1606 – Jean-Jacques Bouchard, French writer who is especially known for his erotic literature.

1624 – Paul Pellisson, French author and historian; as official historian to the king, he wrote Histoire de Louis XIV, covering the years 1660 to 1670.

1709 – Sneyd Davies, British poet, writer, academic, and clergyman who was the Archdeacon of Derby. His work included Latin verses, imitations of Horace’s epistles, serious and burlesque imitations of John Milton, and verses in the style of Jonathan Swift.

1751 – Richard Brinsley Sheridan, Irish playwright, poet, and politician.

1762 – André Marie Chénier, Turkish-born French poet whose sensual, emotive poetry marks him as one of the precursors of the Romantic movement.
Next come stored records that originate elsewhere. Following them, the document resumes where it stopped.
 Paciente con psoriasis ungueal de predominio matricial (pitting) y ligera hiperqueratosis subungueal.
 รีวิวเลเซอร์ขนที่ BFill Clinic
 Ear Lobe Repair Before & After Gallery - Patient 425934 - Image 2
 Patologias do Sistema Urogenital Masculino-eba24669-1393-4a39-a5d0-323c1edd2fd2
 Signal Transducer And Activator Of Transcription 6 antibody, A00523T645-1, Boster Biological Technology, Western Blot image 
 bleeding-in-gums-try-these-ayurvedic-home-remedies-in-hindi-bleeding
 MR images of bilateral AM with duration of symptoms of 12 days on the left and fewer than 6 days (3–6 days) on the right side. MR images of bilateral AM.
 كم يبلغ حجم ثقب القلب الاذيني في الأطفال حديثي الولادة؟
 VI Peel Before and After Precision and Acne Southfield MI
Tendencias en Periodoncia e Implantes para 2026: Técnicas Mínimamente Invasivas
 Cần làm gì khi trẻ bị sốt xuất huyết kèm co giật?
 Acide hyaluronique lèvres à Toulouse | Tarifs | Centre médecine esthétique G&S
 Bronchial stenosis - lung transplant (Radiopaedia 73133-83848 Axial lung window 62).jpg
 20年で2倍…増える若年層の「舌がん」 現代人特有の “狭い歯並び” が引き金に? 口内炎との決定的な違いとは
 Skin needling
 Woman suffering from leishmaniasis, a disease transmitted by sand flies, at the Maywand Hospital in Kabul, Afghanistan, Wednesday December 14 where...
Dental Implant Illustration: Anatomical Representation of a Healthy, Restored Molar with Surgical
His career met an abrupt end during the French Revolution, when he was guillotined for supposed “crimes against the state” just three days before the end of the Reign of Terror. His life has been the subject of Umberto Giordano’s opera Andrea Chénier and other works of art.

1783 – Karl Rottmanner, German writer, poet, philosopher, and politician.

1790 – Rinse Posthumus, Frisian romantic poet, translator, minister, political activist, and liberal spirit from the Frisian (or Wadden) Islands, a North Sea archipelago off the coast of the Netherlands, Germany and Denmark.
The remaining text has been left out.